→ WHAT THE TASK ASKS:
Copy the listing exactly, please, and keep every picture out of it.

→ SUPPLIED INFORMATION:

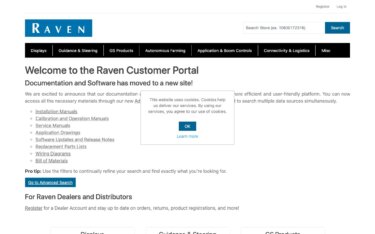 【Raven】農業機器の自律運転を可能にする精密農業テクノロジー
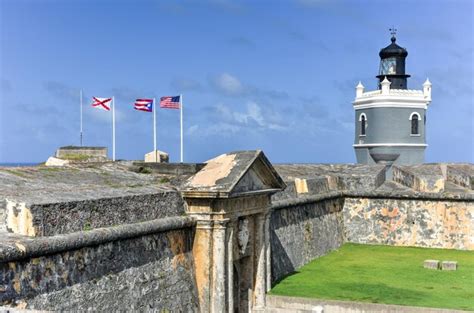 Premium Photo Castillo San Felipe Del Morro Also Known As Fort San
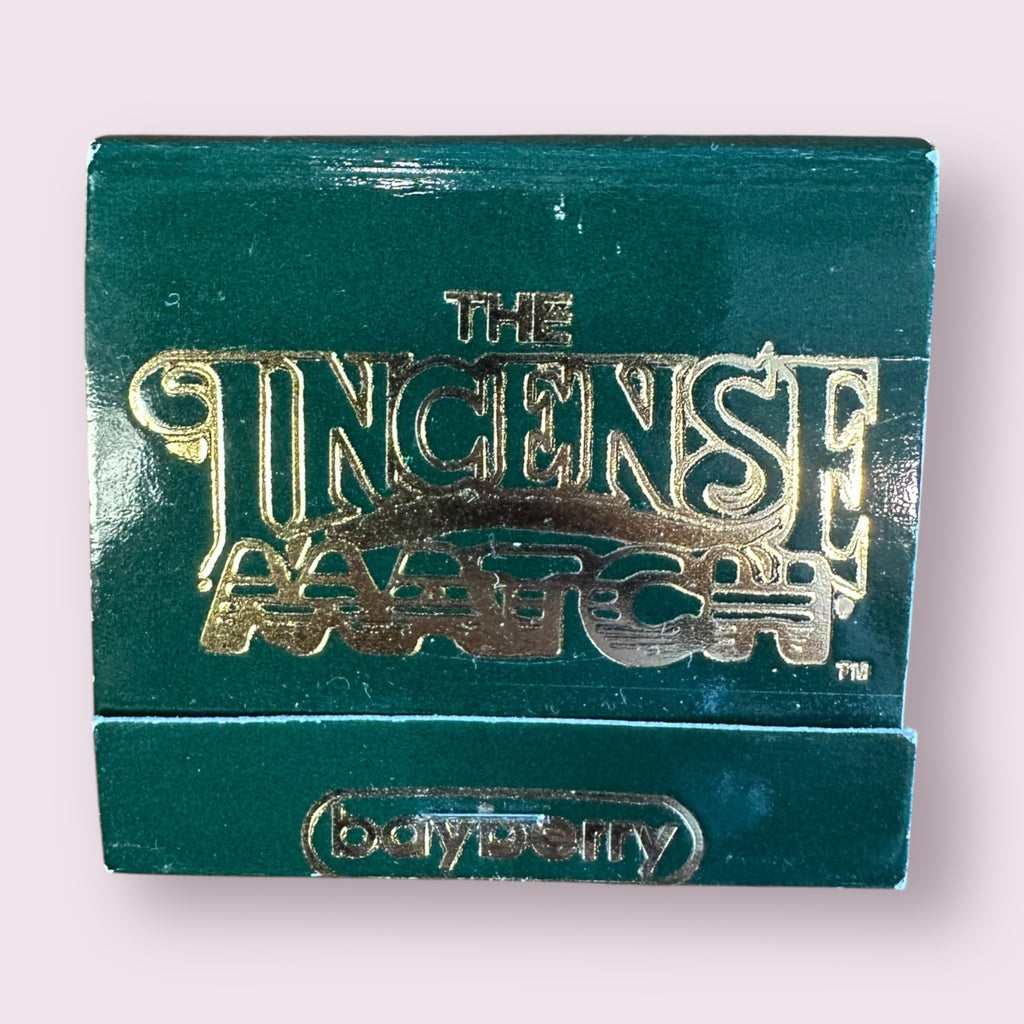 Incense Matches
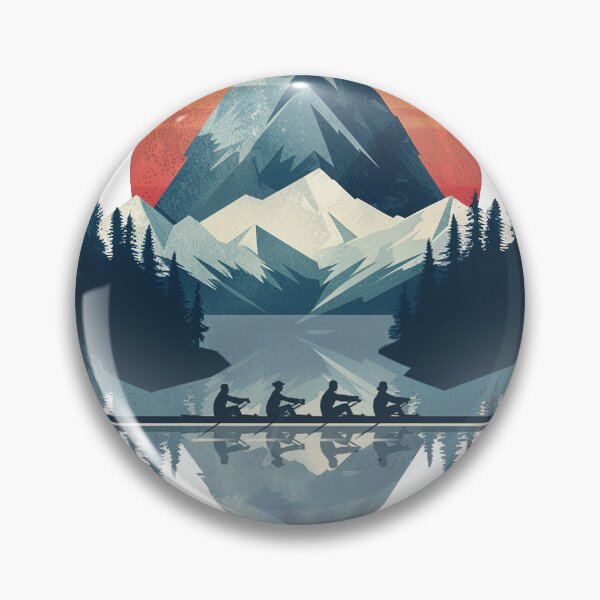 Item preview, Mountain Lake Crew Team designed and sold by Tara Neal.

→ TASK RESPONSE:
 【Raven】農業機器の自律運転を可能にする精密農業テクノロジー
 Premium Photo Castillo San Felipe Del Morro Also Known As Fort San
 Incense Matches
 Item preview, Mountain Lake Crew Team designed and sold by Tara Neal.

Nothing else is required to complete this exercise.